(Input)
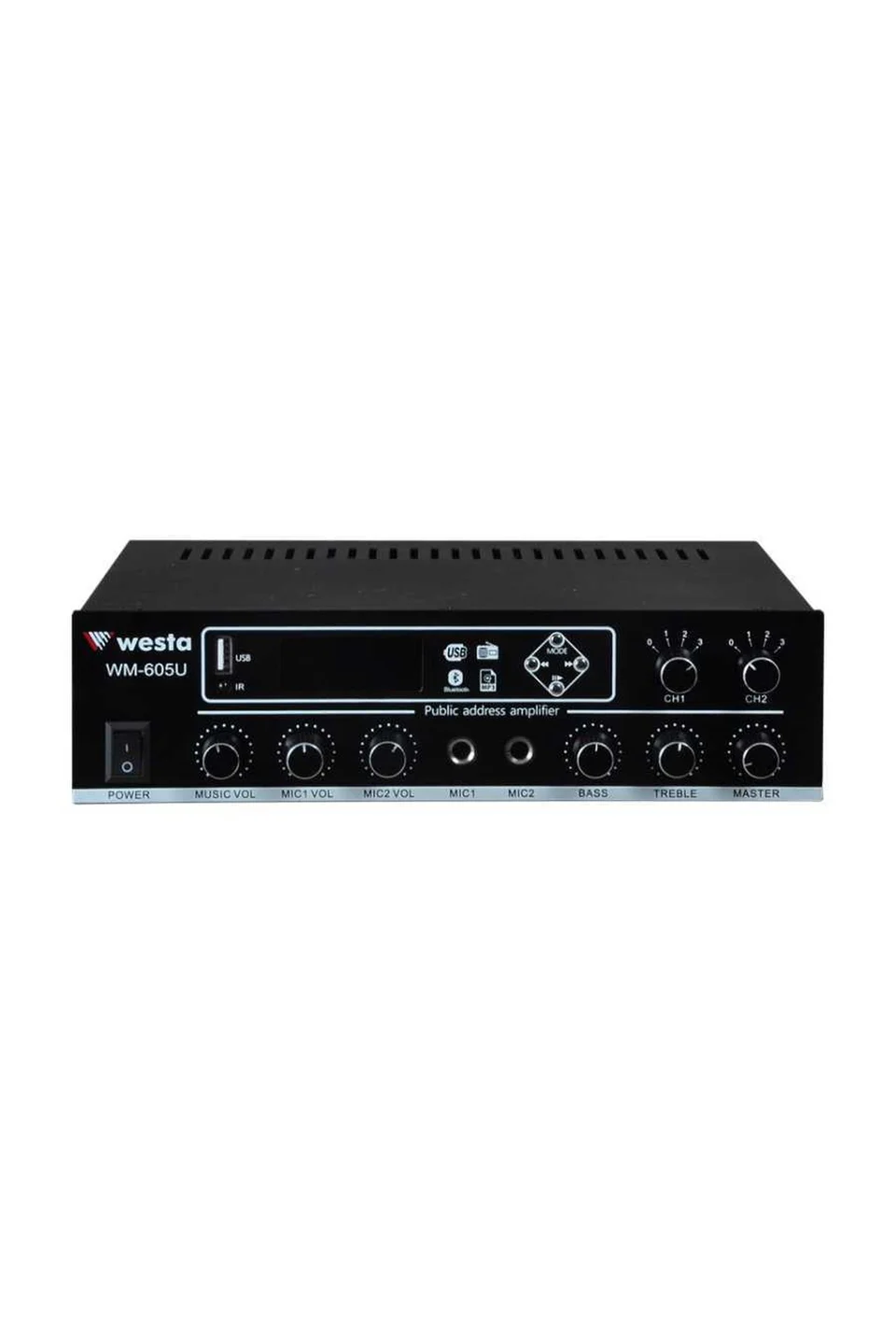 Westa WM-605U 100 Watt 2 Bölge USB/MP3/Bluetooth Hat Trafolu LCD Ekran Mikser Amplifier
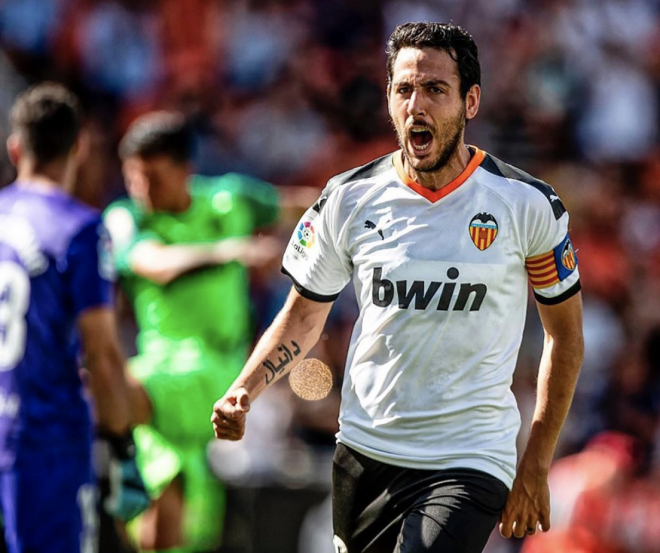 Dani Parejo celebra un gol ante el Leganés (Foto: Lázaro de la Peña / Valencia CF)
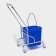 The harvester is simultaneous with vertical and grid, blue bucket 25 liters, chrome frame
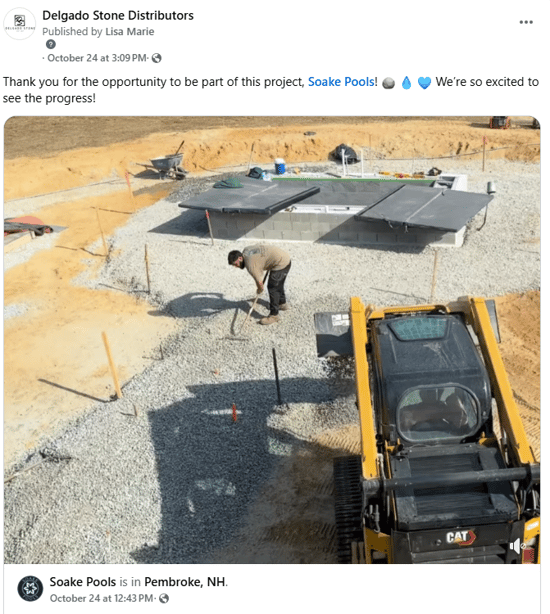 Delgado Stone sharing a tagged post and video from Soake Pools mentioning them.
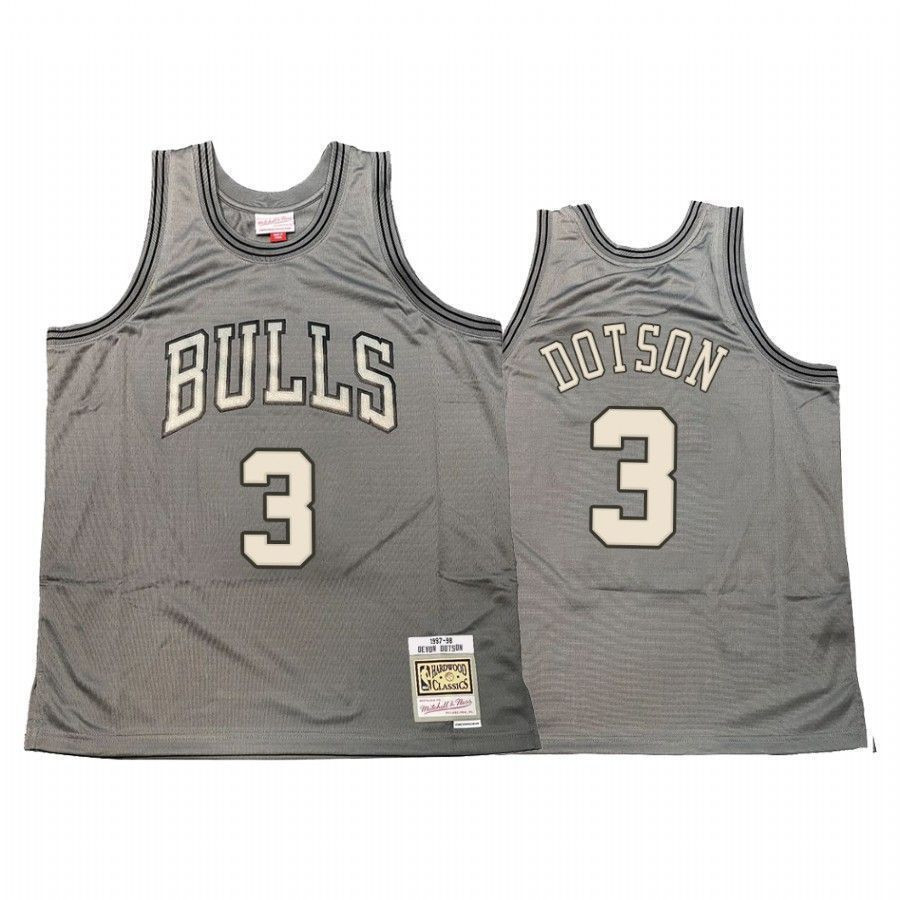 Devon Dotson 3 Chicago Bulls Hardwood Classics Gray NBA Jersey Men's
(End Input)
> _What you need to do_
Could you write out all the records exactly, without the pictures?

> _Task result_
 Westa WM-605U 100 Watt 2 Bölge USB/MP3/Bluetooth Hat Trafolu LCD Ekran Mikser Amplifier
 Dani Parejo celebra un gol ante el Leganés (Foto: Lázaro de la Peña / Valencia CF)
 The harvester is simultaneous with vertical and grid, blue bucket 25 liters, chrome frame
 Delgado Stone sharing a tagged post and video from Soake Pools mentioning them.
 Devon Dotson 3 Chicago Bulls Hardwood Classics Gray NBA Jersey Men's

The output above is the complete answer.